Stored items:
*** Block opens ***

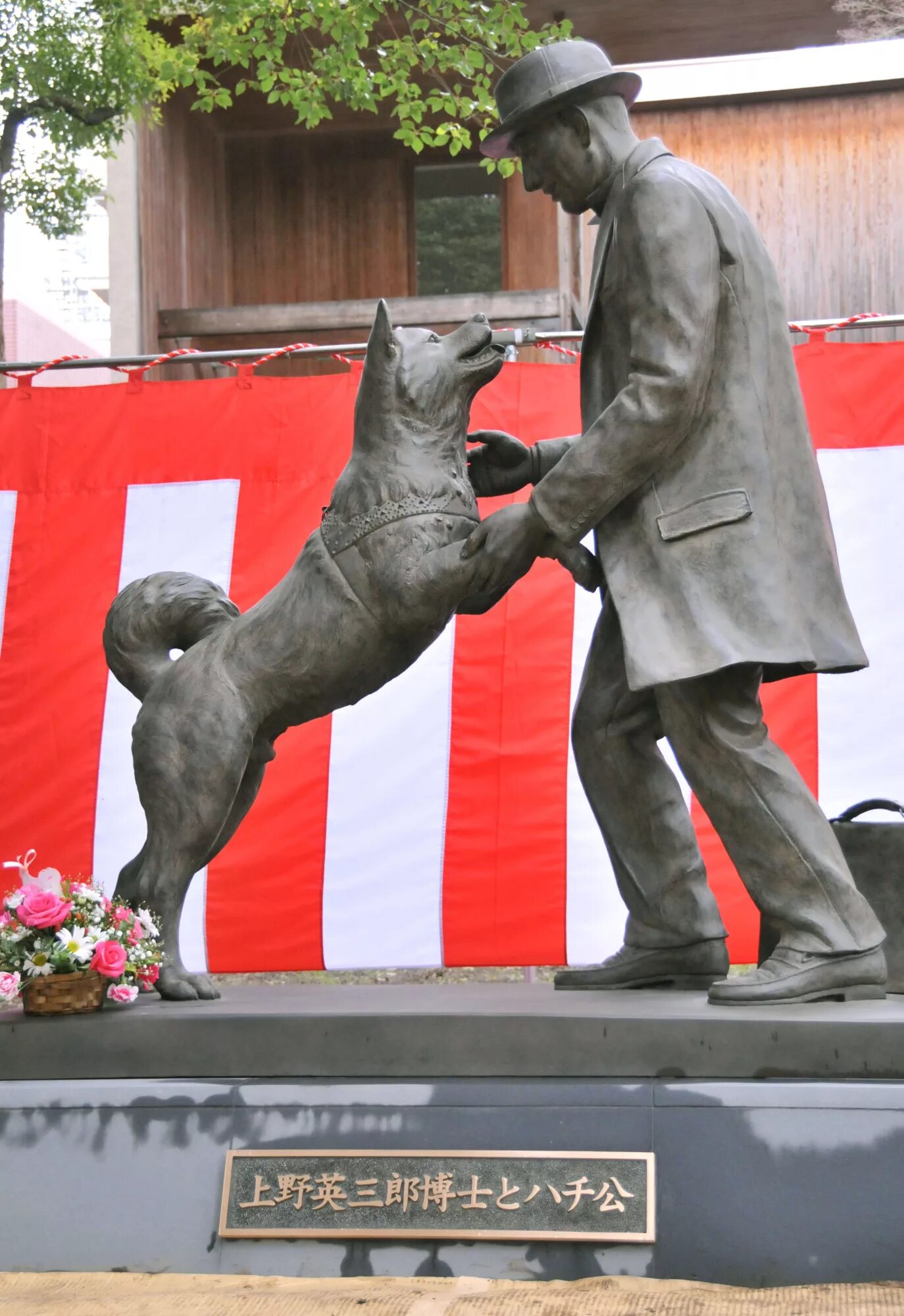 Статуя Хатико Сибуя. Памятник Хатико. Статуя Хатико у станции Сибуя. Памятник собаке Хатико в Японии.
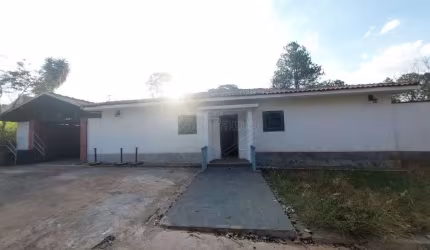 Casa com 2 quartos para alugar no Jardim São José, Américo Brasiliense  por R$ 2.500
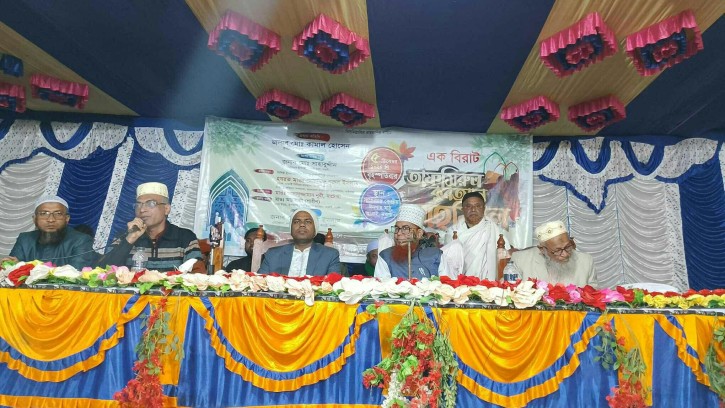 আত্রাই এলাকাবাসীর উদ্যোগে ওয়াজ মাহফিল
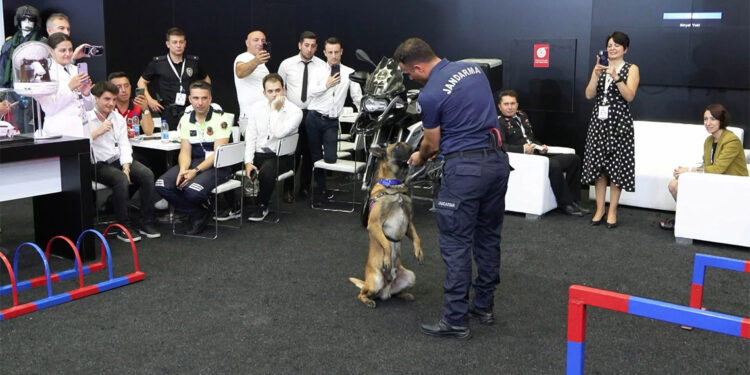 Jandarma genel komutanlığı IDEF’te; eğitimlerle kazaların azaltılması amaçlanıyor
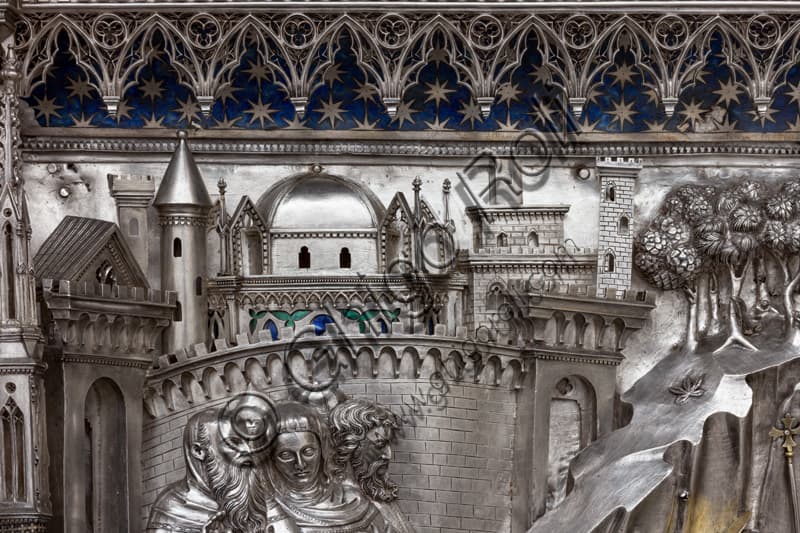 Formella d'argento San Giovannino deserto, particolare città medievale, Museo Opera Duomo Firenze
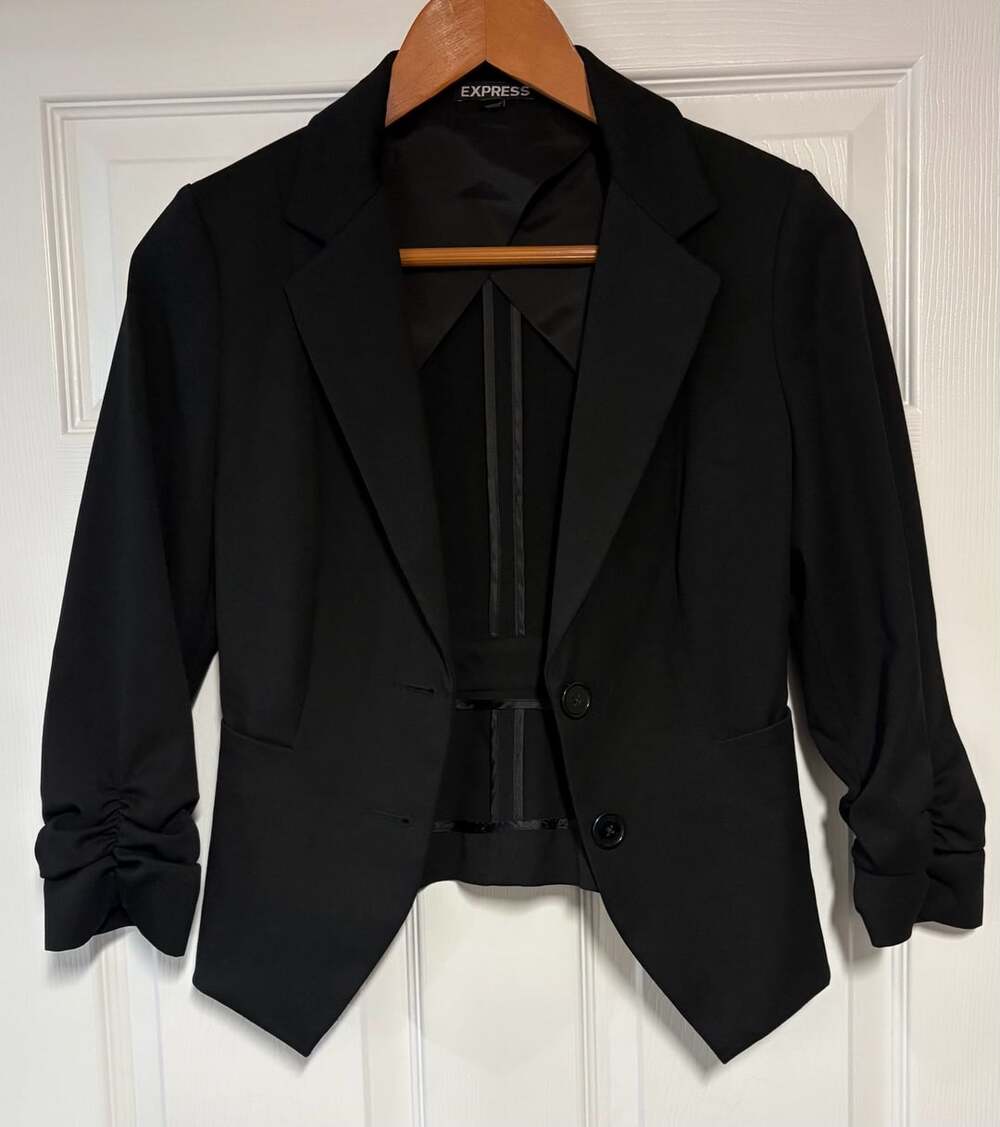 Express Blazer Size 0 Black Ruched Sleeve Open Front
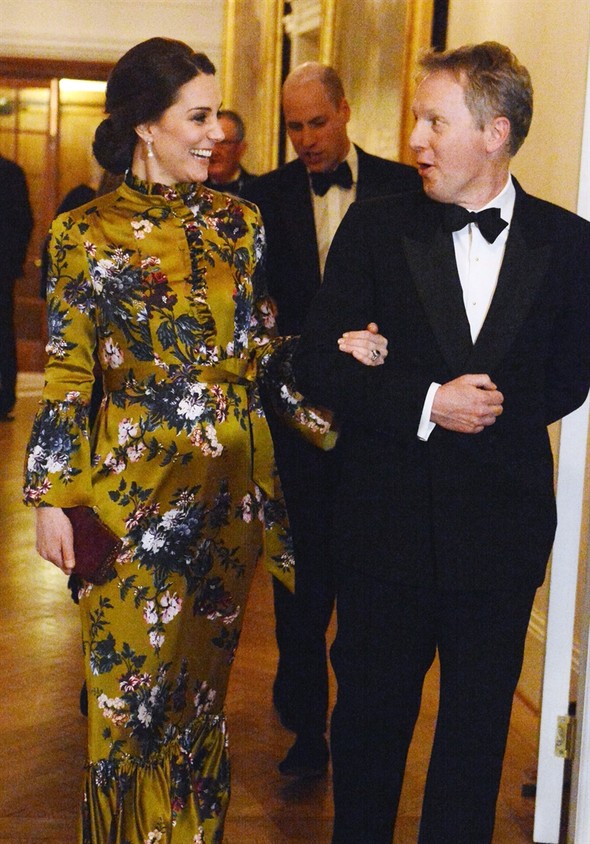Kraliçe müdahele etti 70 yaşındaki Camilla'ya benzedi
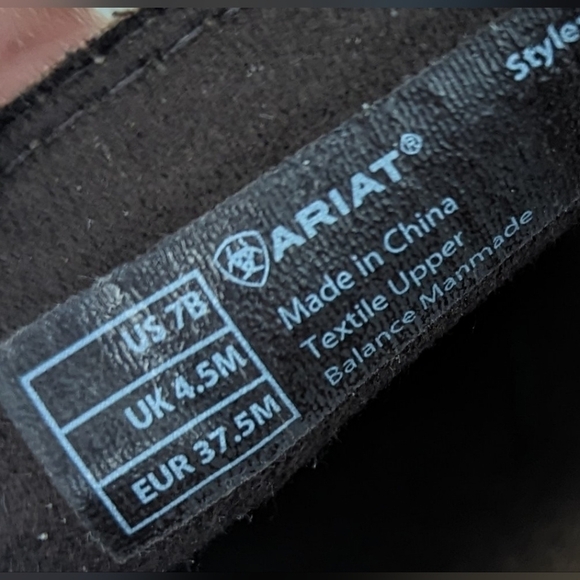 Ariat Women’s Ryder Slip-On Shoe Size 7B - Picture 12 of 13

*** Block closes ***

Assigned task
Every line from the one with "Casa com 2 quartos" to the end of the records above should be restated word for word, and no picture belongs in the copy.

Your response
 Casa com 2 quartos para alugar no Jardim São José, Américo Brasiliense  por R$ 2.500
 আত্রাই এলাকাবাসীর উদ্যোগে ওয়াজ মাহফিল
 Jandarma genel komutanlığı IDEF’te; eğitimlerle kazaların azaltılması amaçlanıyor
 Formella d'argento San Giovannino deserto, particolare città medievale, Museo Opera Duomo Firenze
 Express Blazer Size 0 Black Ruched Sleeve Open Front
Kraliçe müdahele etti 70 yaşındaki Camilla'ya benzedi
 Ariat Women’s Ryder Slip-On Shoe Size 7B - Picture 12 of 13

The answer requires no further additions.